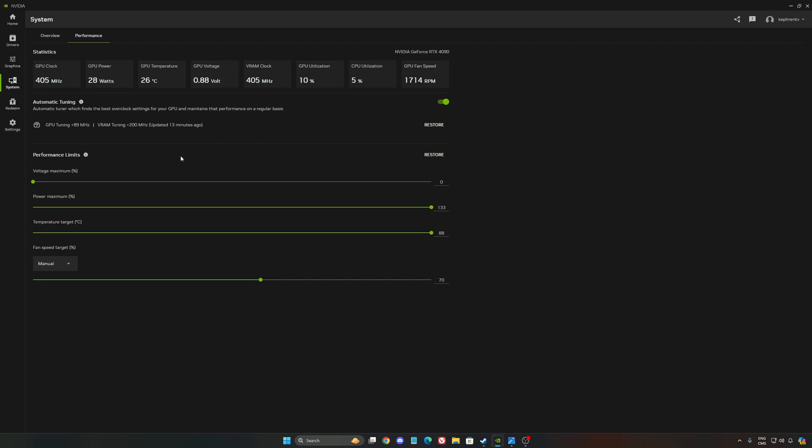So as you can see, it's pretty safe the way they overclock it for now.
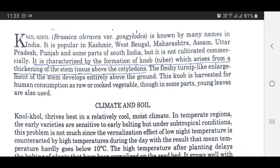Scientifically, Nolkhol is Brassica oleracea variety gongylodes. It is known by many names in India and is popular in Kashmir, West Bengal, Maharashtra, Assam, Uttar Pradesh, Punjab, and some parts of South India, but it is not cultivated commercially. It is characterized by the formation of a knob tuber which arises from a thickening of the stem tissue above the cotyledons. The fleshy turnip-like enlargement of the stem develops entirely above the ground. This knob is harvested for human consumption as raw or cooked vegetable, though in some parts young leaves are also used.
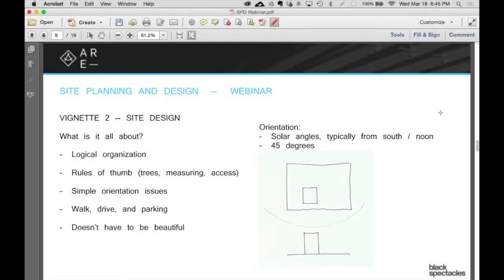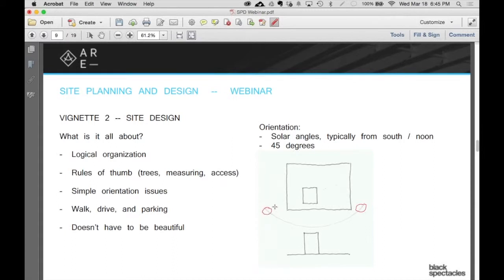Orientation issues can be quite interesting and complicated, but what they do on this particular vignette is actually very simple. If you imagine this is a little site plan with a building on it, over on the east side the sun is rising. I'm going to get a shadow that's going to go off towards the left. At sunset over here, I'm going to get a shadow that's going to go off towards the right.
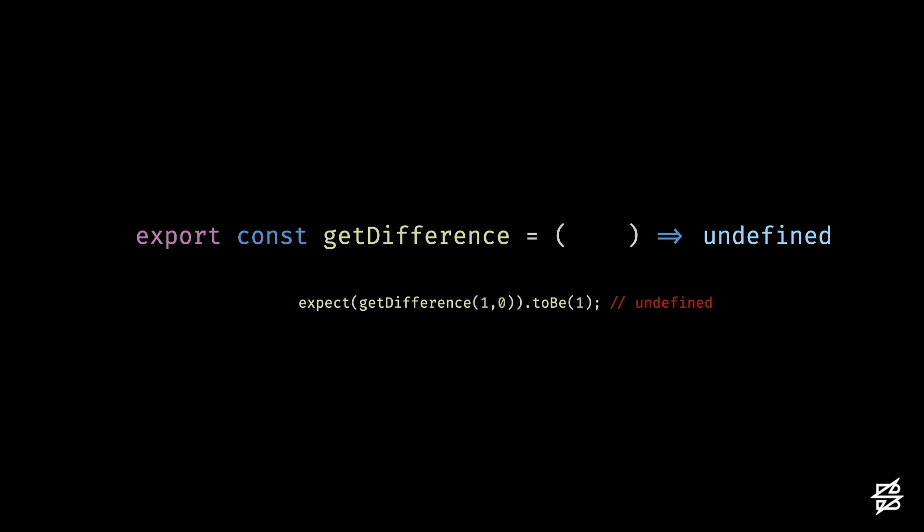That means that your test suite is making effective assertions against your code. When the logic of your code changes, your test suite detects that by failing a test. But if all the tests for a given function pass, even after mutations are introduced into your source code, that means that your tests are vulnerable.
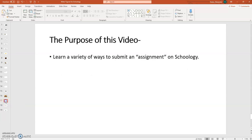So I hope that this was at least a little bit helpful to clear some of the confusion about how to submit an assignment on Schoology. Thank you.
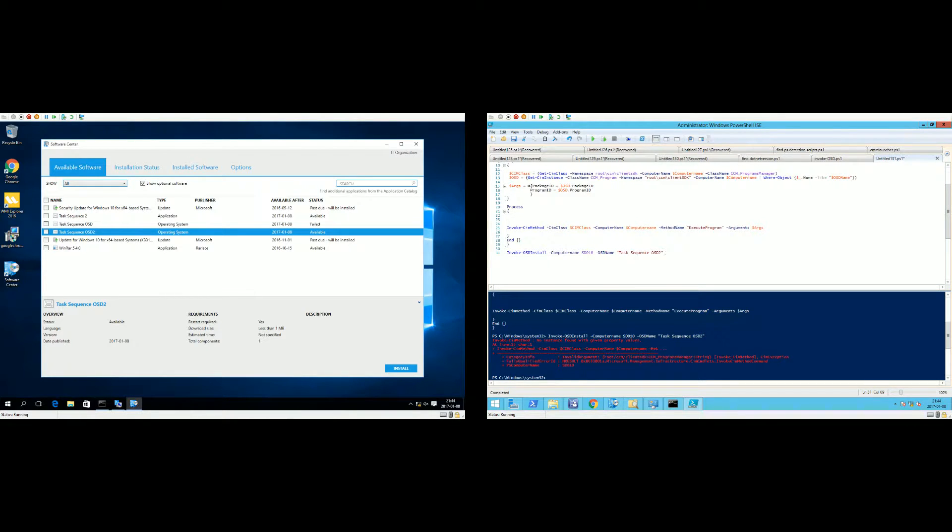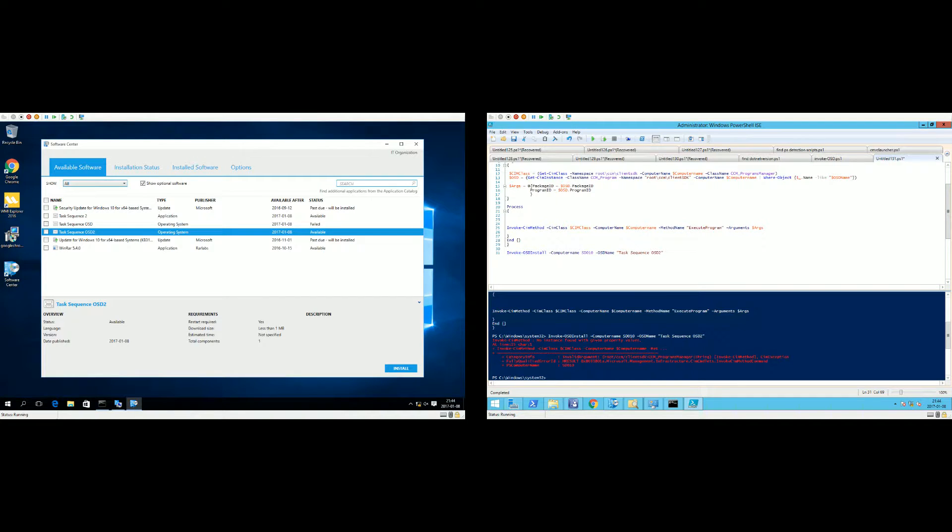Hey everyone, short video showcasing the PowerShell function I wrote to be able to invoke or trigger installation of operating system deployment task sequences in Software Center. We have two systems up and running. On the left side we have a client system.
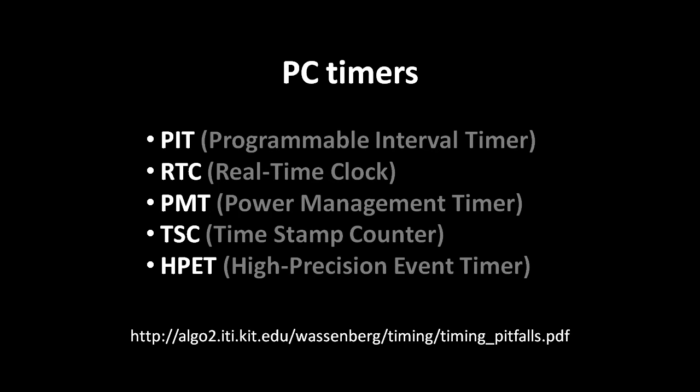If you're curious about more PC timer details, I refer you to this short PDF, which I've found as the best source on the topic.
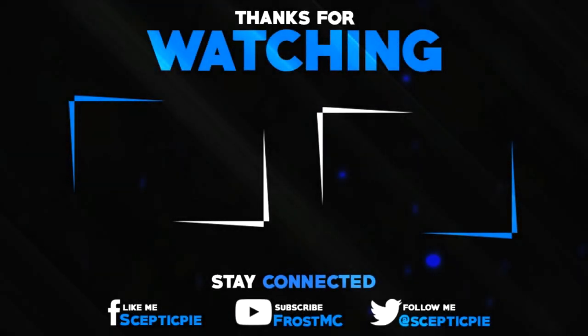That was it for this video. Be sure to leave a like and subscribe. As well as check out my other videos. And until the next time, peace out.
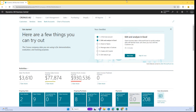Business Central has now given us a feature where we can also revalue the combined value of a GL account. We can park the loan value, or whatever the GL account value, in the exchange adjustments.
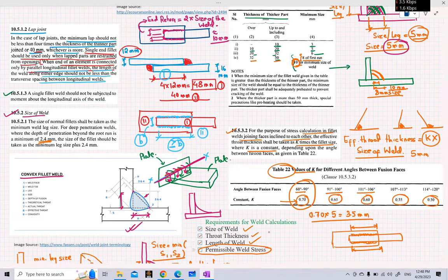I would like to end today's lecture here. In the next lecture we will look at permissible weld stresses, discuss shear and normal stresses in weld, and how to calculate equivalent stress.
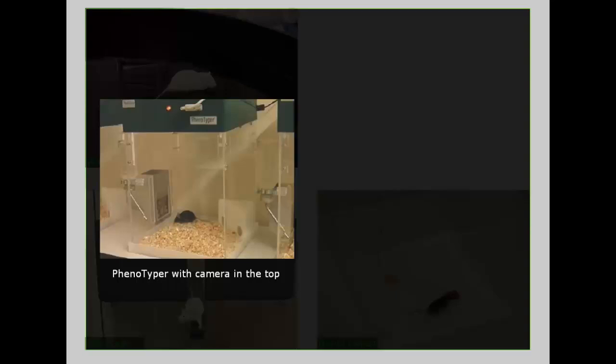The PhenoTyper together with EthoVision can be used for long-term experiments in the animal's home environment. Various stimuli can be used to measure parameters like learning and anxiety just as in traditional tests but in a less stressed environment.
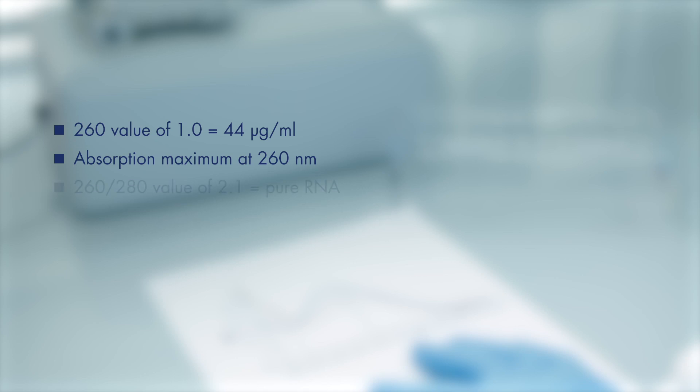The ratio of the absorbance at 260 and 280 nanometers is used to assess the purity of the RNA. Pure RNA has a 260-280 value of 2.1. Many protocols state that a 260-280 value of 1.8 to 2.0 indicates pure RNA.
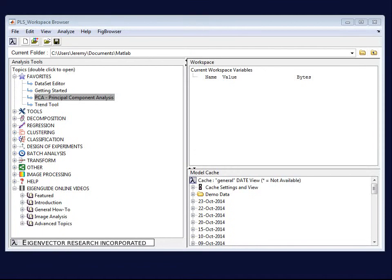This video is going to demonstrate doing multivariate analysis of images using MIA toolbox or Soloplus MIA. The main focus of this video is to show you the difference between doing normal multivariate analysis and image multivariate analysis.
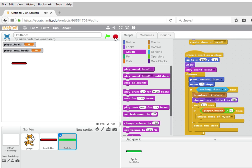There you go — we've added health bars to a project. Please let me know if you have any questions.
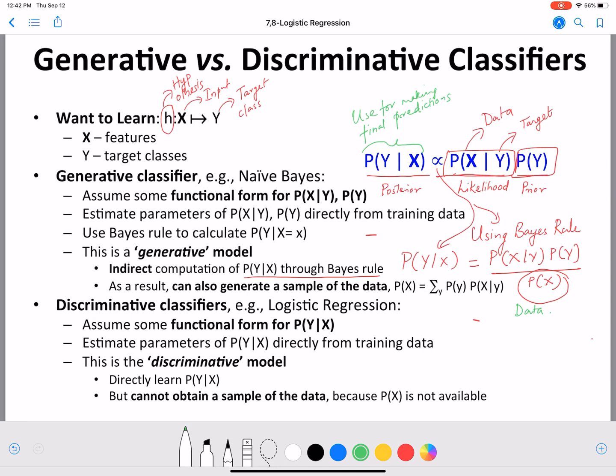The functional form has some parameters, and those parameters are estimated using the data. So we obviously still use the data — but instead of using it to calculate the likelihood and prior as in naive Bayes, in logistic regression we use the data to estimate the parameters of the assumed functional form.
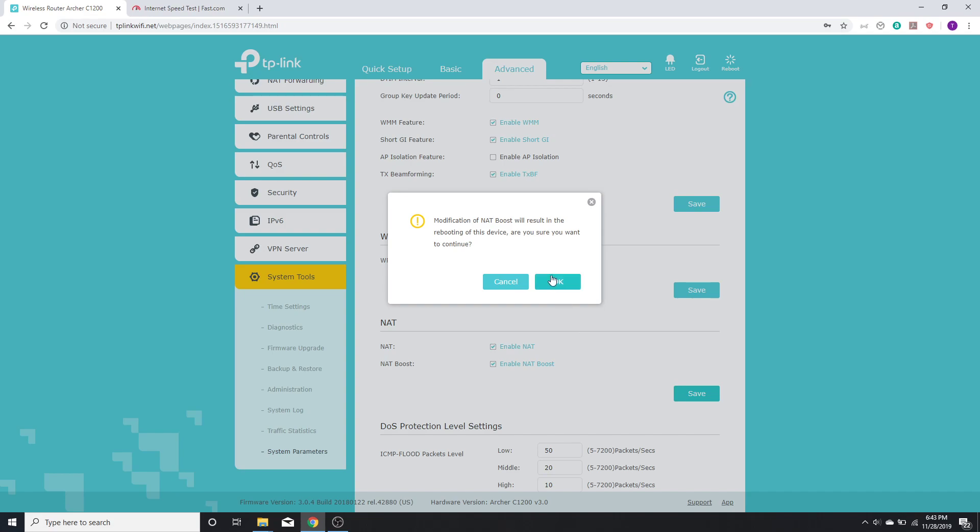One thing to note is that if you're enabling this option on TP-Link, it reboots the device. So you have to be careful if you're doing something urgent that uses an internet connection, wait for it to finish.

--*--

Each line above is to be transcribed exactly, though its pictures are not.

EXPECTED ANSWER:
So as you can see, it's pretty safe the way they overclock it for now.
Scientifically, Nolkhol is Brassica oleracea variety gongylodes. It is known by many names in India and is popular in Kashmir, West Bengal, Maharashtra, Assam, Uttar Pradesh, Punjab, and some parts of South India, but it is not cultivated commercially. It is characterized by the formation of a knob tuber which arises from a thickening of the stem tissue above the cotyledons. The fleshy turnip-like enlargement of the stem develops entirely above the ground. This knob is harvested for human consumption as raw or cooked vegetable, though in some parts young leaves are also used.
Orientation issues can be quite interesting and complicated, but what they do on this particular vignette is actually very simple. If you imagine this is a little site plan with a building on it, over on the east side the sun is rising. I'm going to get a shadow that's going to go off towards the left. At sunset over here, I'm going to get a shadow that's going to go off towards the right.
That means that your test suite is making effective assertions against your code. When the logic of your code changes, your test suite detects that by failing a test. But if all the tests for a given function pass, even after mutations are introduced into your source code, that means that your tests are vulnerable.
So I hope that this was at least a little bit helpful to clear some of the confusion about how to submit an assignment on Schoology. Thank you.
Hey everyone, short video showcasing the PowerShell function I wrote to be able to invoke or trigger installation of operating system deployment task sequences in Software Center. We have two systems up and running. On the left side we have a client system.
If you're curious about more PC timer details, I refer you to this short PDF, which I've found as the best source on the topic.
That was it for this video. Be sure to leave a like and subscribe. As well as check out my other videos. And until the next time, peace out.
Business Central has now given us a feature where we can also revalue the combined value of a GL account. We can park the loan value, or whatever the GL account value, in the exchange adjustments.
I would like to end today's lecture here. In the next lecture we will look at permissible weld stresses, discuss shear and normal stresses in weld, and how to calculate equivalent stress.
The PhenoTyper together with EthoVision can be used for long-term experiments in the animal's home environment. Various stimuli can be used to measure parameters like learning and anxiety just as in traditional tests but in a less stressed environment.
The ratio of the absorbance at 260 and 280 nanometers is used to assess the purity of the RNA. Pure RNA has a 260-280 value of 2.1. Many protocols state that a 260-280 value of 1.8 to 2.0 indicates pure RNA.
This video is going to demonstrate doing multivariate analysis of images using MIA toolbox or Soloplus MIA. The main focus of this video is to show you the difference between doing normal multivariate analysis and image multivariate analysis.
There you go — we've added health bars to a project. Please let me know if you have any questions.
The functional form has some parameters, and those parameters are estimated using the data. So we obviously still use the data — but instead of using it to calculate the likelihood and prior as in naive Bayes, in logistic regression we use the data to estimate the parameters of the assumed functional form.
One thing to note is that if you're enabling this option on TP-Link, it reboots the device. So you have to be careful if you're doing something urgent that uses an internet connection, wait for it to finish.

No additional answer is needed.